Estimez-vous que le ratio entre taxes et réductions de dépenses est déséquilibré ?
Avant même le vote du budget, notre pays est en grande difficulté, et certains partis veulent encore aggraver la situation. Tous surestiment les recettes fiscales de mesures surtout symboliques. La taxe Zucman, par exemple, ne rapporterait pas 20 milliards mais à peine 5, comme le rappelle Philippe Aghion. Quant au RN, il avance 20 milliards de lutte contre la fraude, quand le Conseil d’analyse économique estime le gain réel à 4. Il existe un double consensus implicite : d’abord, ne pas toucher aux retraités, premier bloc électoral ; ensuite, éviter les réformes structurelles capables de libérer la croissance et d’apporter des recettes nouvelles. Ce double déni empêche tout redressement durable. On est aussi en train d’abîmer notre contrat social, auquel la jeune génération croit de moins en moins car elle y contribue beaucoup et n’a pas le sentiment d’en bénéficier.
« La question démocratique sera aussi importante que la question économique »
Quarante et un milliards d’euros, c’est ce que l’État doit ajouter chaque année pour financer les retraites des fonctionnaires, faute de cotisations suffisantes. Est-il normal que cet effort repose sur tous les Français ?
Il est normal que la retraite des fonctionnaires fasse partie du contrat qui lie ceux qui s’engagent pour l’intérêt général de la nation entière. La vraie question, ce n’est pas le principe de l’abondement de l’État. C’est que, dans ce cas comme dans celui du privé, faute de courage et de lucidité face au mur démographique depuis quarante ans, nous payons aujourd’hui le prix fort.
Dans le débat budgétaire, le parti Renaissance est divisé, comme si le droit d’inventaire du macronisme était entamé.
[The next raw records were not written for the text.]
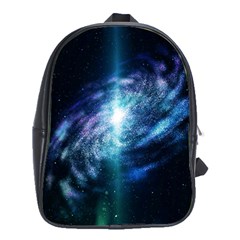 The Galaxy School Bag (xl) by ArtsyWishy
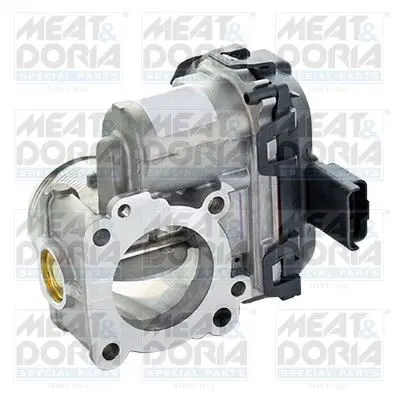 MEAT DORIA 89306 Gaz Kelebegi P208 2008 3008 1.6 Hdi  Ford Focus Iii 1.5 Tdci Opel Crossland 1.6 Hdi 88297 1869492 9830301180 WG1916378 240640496 89306 9807238580 7519306 FM5Q9E926AA FLAI331R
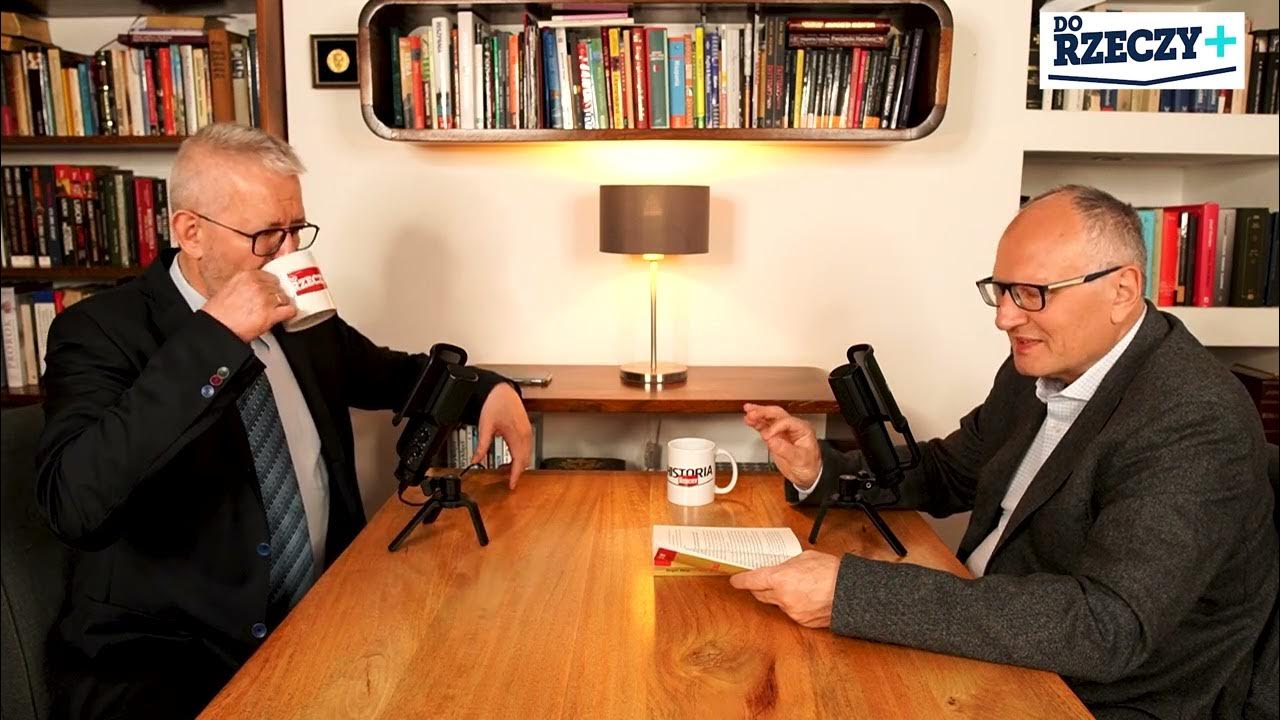 Miniatura: "Polska Do Rzeczy" - odc. 185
Le temps n’est pas à l’inventaire mais à l’action : il faut redresser nos comptes publics, sans quoi rien n’est possible, et préparer 2027 pour que cette échéance soit un vrai rendez-vous démocratique, comme 2007, 2012 ou 2017. La question démocratique sera aussi importante que la question économique. Il faudra des propositions fortes pour rénover nos institutions et redonner aux citoyens un vrai pouvoir d’agir : décentralisation, référendums d’initiative populaire, conventions citoyennes, démocratie sociale… Il faut réoxygéner notre démocratie.
Partagez-vous les critiques à l’endroit du chef de l’État, à l’image d’Édouard Philippe ou de Gabriel Attal ?
Ces prises de parole ne font qu’ajouter du désordre au désordre. Rien ne serait pire aujourd’hui qu’une élection présidentielle anticipée car, loin de clarifier le débat, elle détériorerait la fonction présidentielle, clef de voûte de nos institutions. Il faut au contraire faire les choses dans l’ordre : poursuivre le redressement des comptes publics, qui demandera du temps, et préparer les conditions d’un vrai rendez-vous présidentiel en 2027, à la hauteur de ce que notre pays mérite.